Segment Start: DATA FOR ANALYSIS

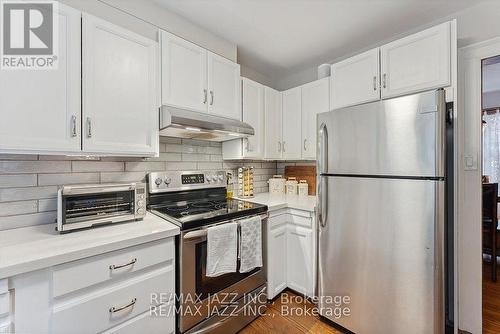 Lower - 403 Masson Street, Oshawa (O'Neill), ON - Indoor Photo Showing Kitchen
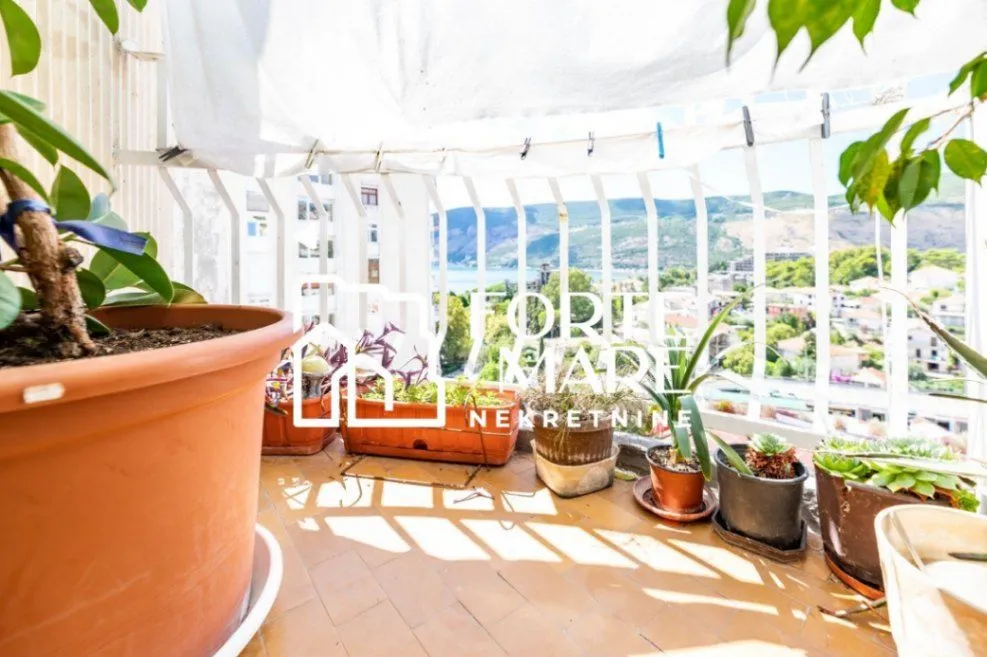 Prodaja, dvosoban stan, 70m², Igalo, Herceg Novi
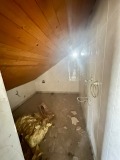 Продава КЪЩА, област Ловеч, с. Гумощник • 55000 € • 16711341 — Holmes.bg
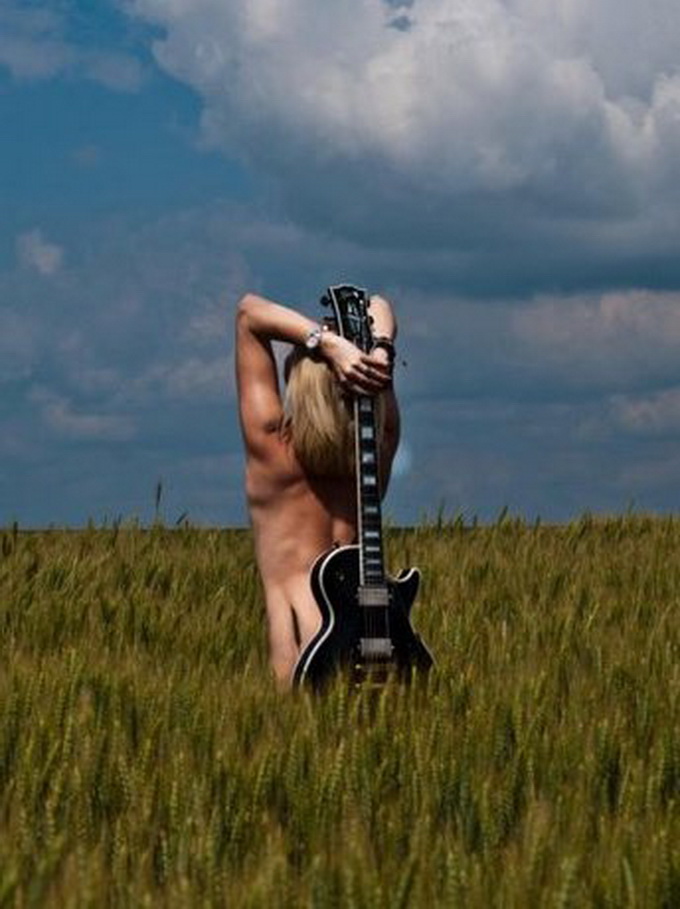 La un moment dat, artista s-a lasta fotografiata goala, acoperita de o chitara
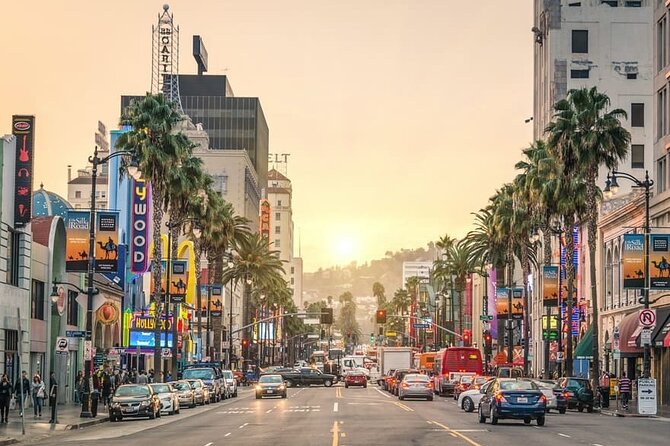 The Streets of LA: a Self-Guided Tour of Hollywood and Beyond - Discovering LAs Vibrant Neighborhoods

Segment End: DATA FOR ANALYSIS

An exact transcription of all the entries is required, without the pictures.

 Lower - 403 Masson Street, Oshawa (O'Neill), ON - Indoor Photo Showing Kitchen
 Prodaja, dvosoban stan, 70m², Igalo, Herceg Novi
 Продава КЪЩА, област Ловеч, с. Гумощник • 55000 € • 16711341 — Holmes.bg
 La un moment dat, artista s-a lasta fotografiata goala, acoperita de o chitara
 The Streets of LA: a Self-Guided Tour of Hollywood and Beyond - Discovering LAs Vibrant Neighborhoods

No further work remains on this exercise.